Elimination Tree Stack
The tree stack can be improved by noticing that if two operations meet at a balancer they will leave on opposite wires without changing the balancer. This reminds us of the idea of elimination, so we combine the ideas by putting an elimination array in front of each balancer, creating the Elimination Tree Stack
- If a push and a pop collide they take each other out and return immediately,
- If two of the same operations collide they just leave on one wire each,
- If there is no collision an operation proceeds as before and uses the balancer to choose where to go.
While this is clever and reduces work by a lot I can't help but feel that it requires quite a lot of extra work for each operation.
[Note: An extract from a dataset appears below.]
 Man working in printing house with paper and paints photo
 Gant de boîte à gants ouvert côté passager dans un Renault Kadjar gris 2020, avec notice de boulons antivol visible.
Sure, it will scale well under contention, but under low contention, we have to do quite a lot of extra reads and writes for each operation. Furthermore, the memory accesses are not local at all to the threads (rather the opposite), meaning most of them probably will result in cache misses.
Pool of Stacks
This final implementation fully relaxes the stack, so far as to change its specification to a pool where pushes and pops don't have any temporal ordering. Each thread (could be each set of threads, such as a core as well) gets its own lock-free stack and makes local operations on that stack as much as possible. Then if it tries to pop when its stack is empty it tries to steal an item from another stack.
In the paper, they don't let it return empty and instead block until it finds an item to steal. But it could be implemented if eg ABA counters were used together with top pointers in the stacks. If it made one pass over all stacks seeing that they all are empty, and then made another pass where no ABA counter had changed, it would be safe and linearizable to return empty.
fn push(local_stack, item)
node = Node(item)
while !try_push(local_stack, node)
backoff()
fn pop(local_stack, other_stacks) -> Value | EMPTY
loop
match try_pop(local_stack)
CONTENTION -> backoff()
EMPTY -> break
value -> return value
// Simple as in article, blocking until a successful pop
loop
for stack in other_stacks
match try_pop(stack)
EMPTY | CONTENTION -> continue
value -> return value
While not keeping any guarantees of order, it is based on stacks and as long as each thread keeps to its own stack it will be correctly ordered. The notion of ordering between threads is not always that important, so this might be good enough in many places we originally would use a stack. At least Shavit thinks so.
With this relaxation, we get incredibly good scaling. Most operations will be local to the thread and only require one CAS. It will become worse when threads start stealing, but Shavit argues that can be mitigated by some smart designs.
This algorithm reminds me a lot of the Time Stamped Stack which uses a very similar setup with many stacks, but also uses time stamps to guarantee order. It was a while since I read it but it was very neat. Then if we want to relax the stack without completely removing all ordering semantics I recommend the 2D Relaxed Framework which I have worked a bit on extending. There you relax the structures to allow them to fetch items amongst the k top ones instead of just the top. It also uses many substacks and tries to do as many local computations as possible.
Conclusion
Personally, I really enjoyed this paper as it gave a good introduction to many approaches to scalable data structures. It also had a good mix of theory, intuition and algorithms, and I think I need to improve my grasp of the theory.
I think he slightly overestimated how much use these relaxed designs would be used in the near future. From what I have seen relaxed task schedulers are used everywhere and seem to be similar to the last example with work stealing (eg this recent article), but otherwise, I have not seen relaxed structures like these being that mainstream. But many things can be seen as relaxation, such as these asynchronous machine learning algorithms, so I guess it is up to interpretation. But what I am getting at is that in most cases, the extra headache stemming from the use of a relaxed stack might to many developers not be worth it.
So it was full of interesting ideas, and I recommend reading the paper for some more detailed explanations and extra comments. But I would enjoy seeing more actual use cases for these relaxed structures as stacks.